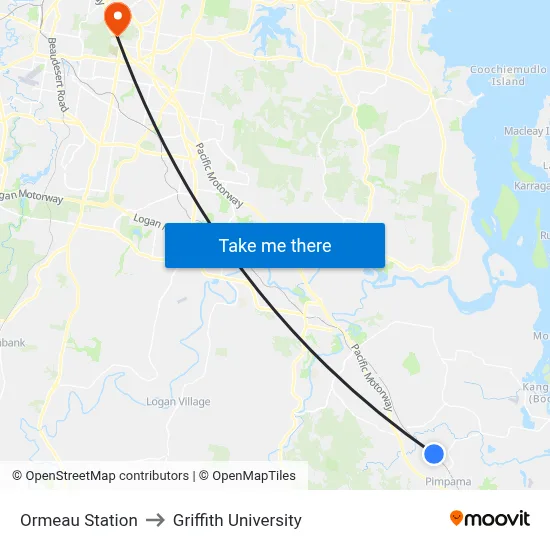 Ormeau Station to Griffith University map
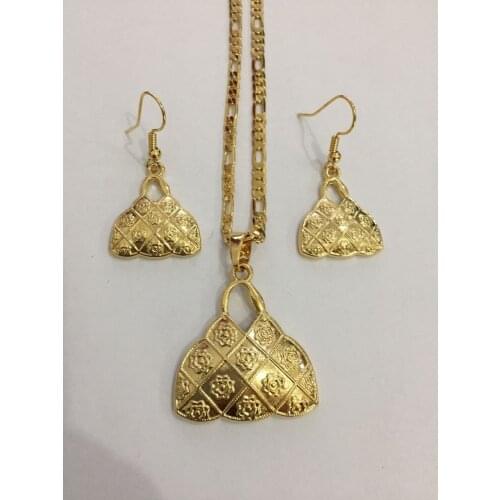 Handmade BAG P house endan Necklaces Earrings Gold Color PNG Jewellery Set Papua New Guinea Wedding party women girls gifts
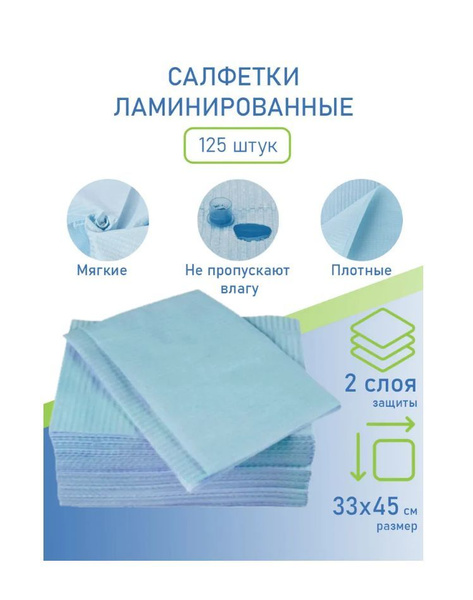 Dental Bibs (2-Ply), 125 Count Bulk Pack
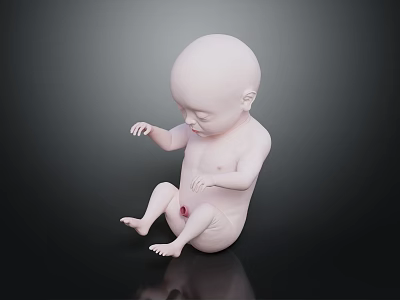 Realistic Sitting Baby 3D Render with Dark Background and Reflection Surface 3d model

- - -

**Task brief:** Every line from the one holding "Handmade BAG P" through the final line of the data above is to be reproduced exactly, both ends included, with the pictures left out.

**Reply to the exercise:**
 Handmade BAG P house endan Necklaces Earrings Gold Color PNG Jewellery Set Papua New Guinea Wedding party women girls gifts
 Dental Bibs (2-Ply), 125 Count Bulk Pack
 Realistic Sitting Baby 3D Render with Dark Background and Reflection Surface 3d model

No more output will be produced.